Before Set opened in 2007, ultra-lounges such as Mynt and Mokai were popping up everywhere, aiming to taking over the Beach's — and the Opium Group's — high-end clientele. So what did these mega-club wizards do? They created a monstrous lounge with minimal dance-floor space but plenty of couches for VIPs looking to consume copious amounts of liquor. It's a place full of contradictions that has us in a constant love/hate relationship with the venue. We hate it because it's more difficult to get through Set's doors than it is to get into the Jonas Brothers' pants, and because drink prices ($12 for a standard well vodka and mix) make us wish Bernie Madoff had persuaded brothers Eric and Francis Milon and Roman Jones to invest in his Ponzi scheme. But we love it because there is never a shortage of superstar DJs taking over the decks; among those who have performed here are Benny Benassi, Fedde Le Grand, and Miguel Migs. And it's so luxuriously decorated you feel like the excess of wealth might rub off on you. In other words, we love to criticize, but we are secretly envious every time we aren't taking part in the fun.
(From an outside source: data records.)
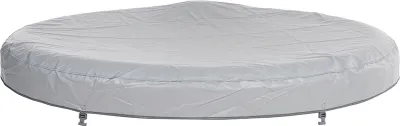 Produktbild von HOME DELUXE - Outdoor Whirlpool Abdeckung - SPLASH - ⌀ 208 cm, Höhe 1,3 cm, Farbe: Grau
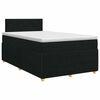 vidaXL &Kappa;&rho;&epsilon;&beta;ά&tau;&iota; box spring &mu;&epsilon; &sigma;&tau;&rho;ώ&mu;&alpha; &Mu;&alpha;ύ&rho;&omicron; 120 x 190 cm Ύ&phi;&alpha;&sigma;&mu;&alpha;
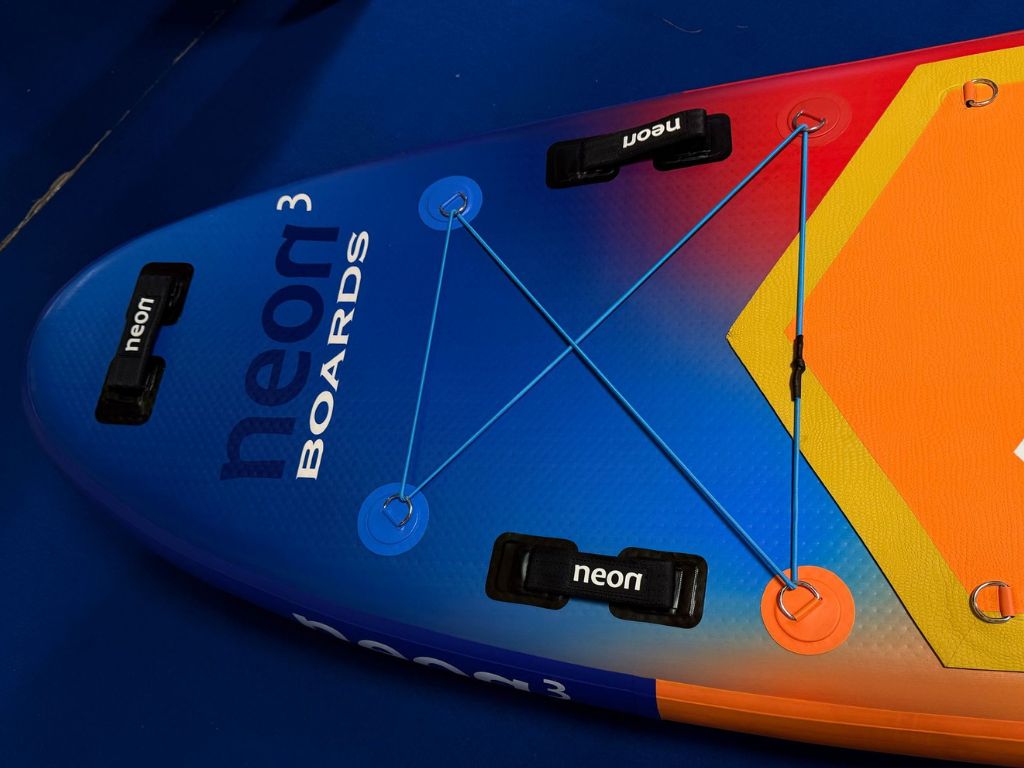 Nafukovací paddleboard Neon 3 Sunset Round - 11'x32''x6" - Obrázek 6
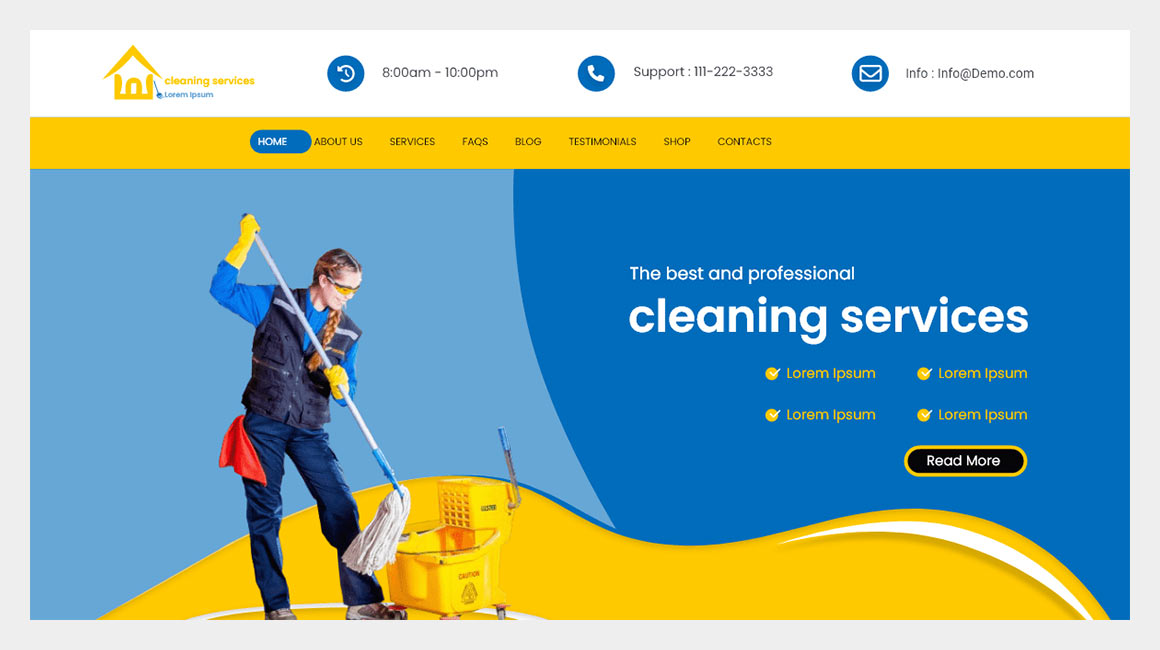 Cleaning Business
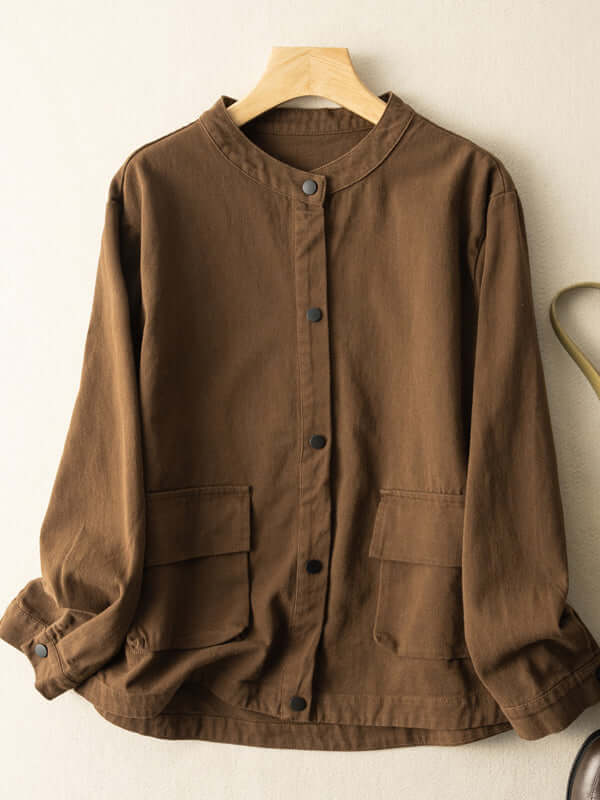 Vintage Inspired Coat with a Contemporary Edge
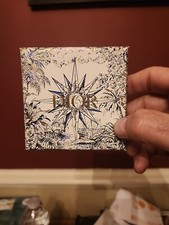 Lot Of 3 AUTHENTIC  3.5 X 3.5 CHRISTIAN DIOR ...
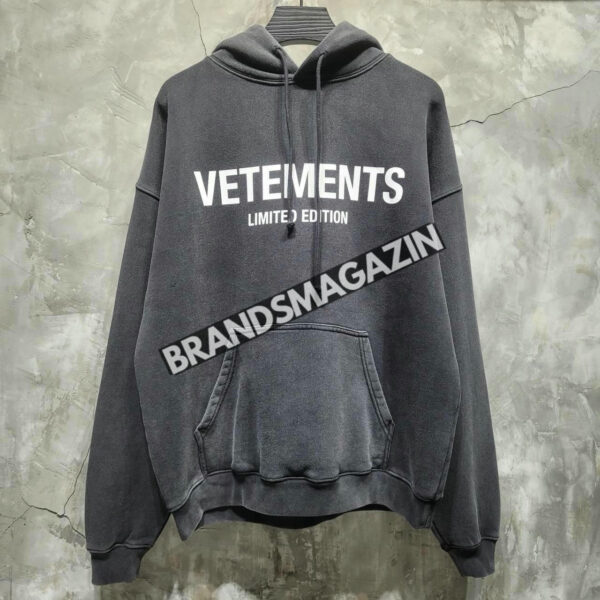 Толстовка Vetements BM71329977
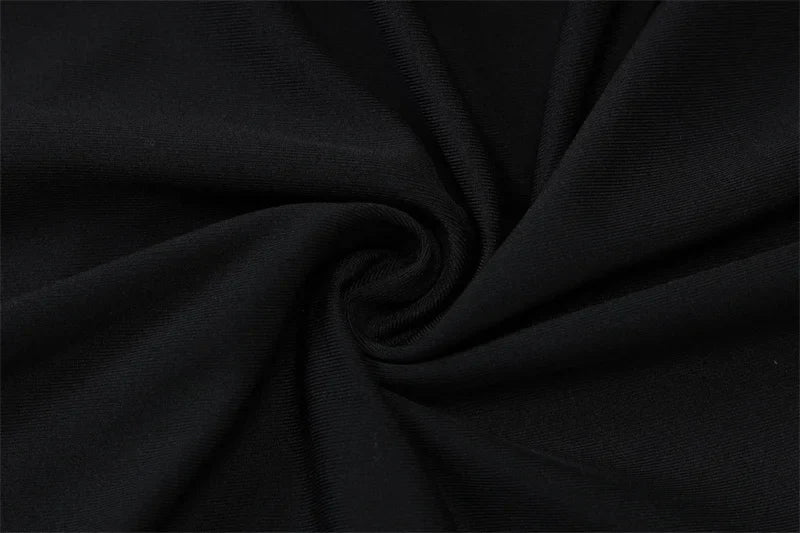 Elegant maxi pleated dress with one shoulder exposed - Maylin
As the Opium Group expanded to national locales in New York and Las Vegas, the last thing we expected was a new addition to its Miami Beach portfolio. But 2008 brought exactly that with the introduction of Louis at the Gansevoort South Hotel. And while most beach hotel lounges are slickly integrated into the lobby or pool, Louis takes guests completely out of the Gansevoort to a place where 18th-century French aristocracy meets contemporary urban hipster. And it's topped off with a dwarf in full Napoleon regalia walking around the space. It's dark and cavernous, with touches of hot pink and regal wallpaper. The door policy is just as hollow as its sister clubs, but for some reason the payoff seems greater when you gain access. Yes, everyone is gorgeous, and bottle service will get you noticed, but if you're content with hanging out at one of the two expansive bars or cheering on whatever DJ is spinning, your pathetic normalcy is quickly forgotten.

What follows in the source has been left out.